Environmental groups are pushing New York state to scrutinize a crypto mining company’s purchase of a gas-fired power plant, contending in a new lawsuit that turning the power plant into a crypto mine would go against the state’s climate goals and dump more pollution on nearby neighborhoods.
Sierra Club and the Clean Air Coalition of Western New York filed a suit on Friday that challenges the New York Public Service Commission’s (PSC) approval of the sale. Under state law, the commission has to give the green light before the transfer of ownership of a power plant can take place. Until now, the commission has mostly focused on whether such a sale would affect residents’ electricity rates or create a monopoly. The commission needs to start taking climate change and environmental injustice into consideration because of a sweeping climate law passed in 2019, the new lawsuit argues.
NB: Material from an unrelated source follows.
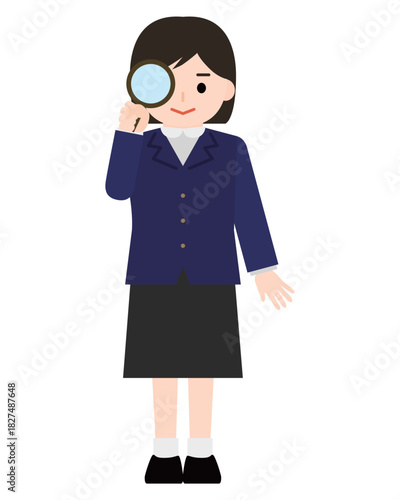 虫眼鏡（ルーペ）で調べる女の子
“The law says you can’t just ignore these really serious consequences”
“The law says you can’t just ignore these really serious consequences,” says Dror Ladin, senior attorney at Earthjustice, the nonprofit environmental law group representing the plaintiffs. “Running the plant 24 hours a day to mine crypto is going to be very bad both for the climate and for and for people in the area.”
The power plant, called Fortistar, is in the small city of North Tonawanda, located between Buffalo and Niagara Falls. Typically, Fortistar is used as a so-called “peaker plant,” firing up infrequently to meet peak electricity demand during an energy crunch. The plant has only been in operation between 10 and 25 days a year since 2017, according to Environmental Protection Agency records cited in the complaint. That schedule is expected to change drastically if Canadian crypto mining company Digihost moves in, which is why some residents are worried about their potential new neighbor.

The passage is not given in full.